As one can imagine, learning to jump without being able to see what’s in front of you had to be frightening for a young girl. Devyn considers herself to be pretty adventurous, but still readily admitted to being terrified the first time she ever jumped. “I was in sixth grade and riding a pony,” she said. “The very first time I took the pony to the jump, it refused. It was just a little cross-rail but to me it was the biggest jump in the world. The next time around, we went over it and I’ve been hooked ever since.”
Competing and Succeeding
Today, Devyn competes in schooling and rated shows in the Pre-Children’s Hunter divisions, and on an IEA interscholastic team. She has even competed in out-of-state rated shows, one of her favorites being at Chagrin Valley Farms in Chagrin Falls, Ohio. “The first year I went to Chagrin, I ended up winning my first big class on a 16-hand gelding named Bentley, a horse I rode at the time,” she said. “The first year I did the IEA team, I made it to Zone Finals with my team. I ended up doing really well at both Regionals and the Zones. I really felt like I fit in, finally.”

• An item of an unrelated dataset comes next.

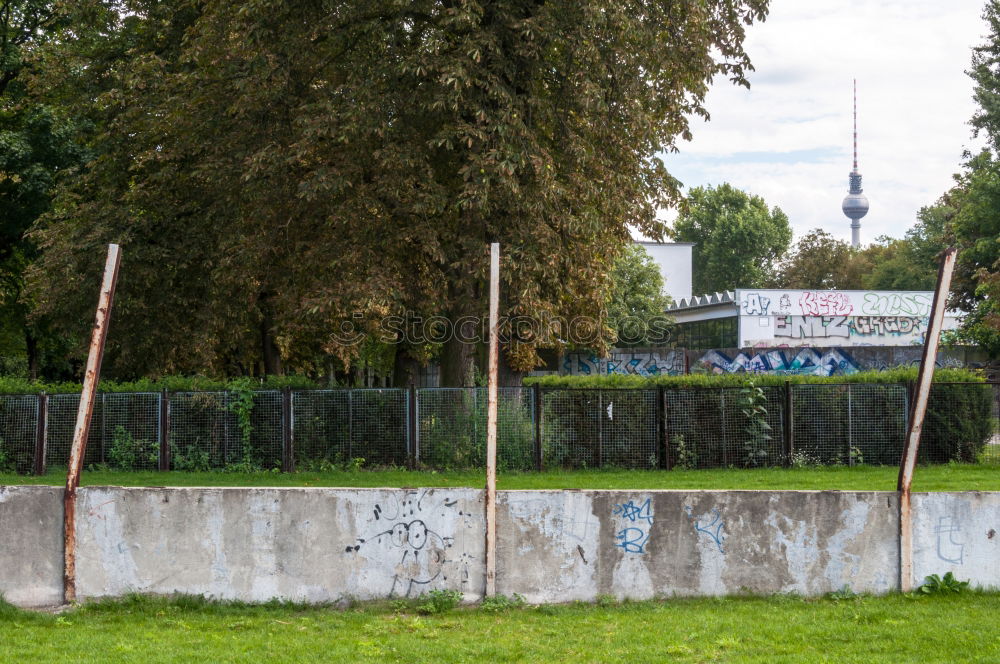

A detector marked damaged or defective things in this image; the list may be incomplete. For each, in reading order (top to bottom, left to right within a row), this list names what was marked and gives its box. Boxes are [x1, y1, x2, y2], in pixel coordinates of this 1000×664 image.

rusty metal post [64, 243, 121, 600]
rusty metal post [484, 241, 500, 600]
rusty metal post [904, 248, 956, 592]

So how does she handle a course of jumps with only a sliver of vision? “Schooling shows are easier as I can school the course until I’ve really learned the layout of the ring. Rated shows are, of course, harder, especially if there’s no schooling, but I spend a lot of time walking the course on foot. I can see a jump right in front of me, so as long as I know the layout, I remember where to steer. Of course, I really trust my horse, too!” she said.
“I spend a lot of time picking out landmarks. Decorations, large objects, anything I can use to help me know when to turn. I count strides and have learned to really feel my horse. I can feel their body language change when we’re approaching the jump and about to take off. I use the same tools in flat classes and the schooling ring. I try to pick one spot and stick to it and not change my track much. I can hear horses coming by their breathing and footsteps. I struggle if there are jumps that match the footing, such as white jumps and light sand, but I do my best,” she explained on the obvious questions most are too hesitant to ask.
She now has her own horse, Chance. As she put it, there was an instant connection and she knew she had to have this horse. She’s been jumping 3’ at home, and is hoping to move up to the Children’s Hunters later this year. Devyn may not see all of the stars she’s reaching for, but that hasn’t stopped her from reaching for them.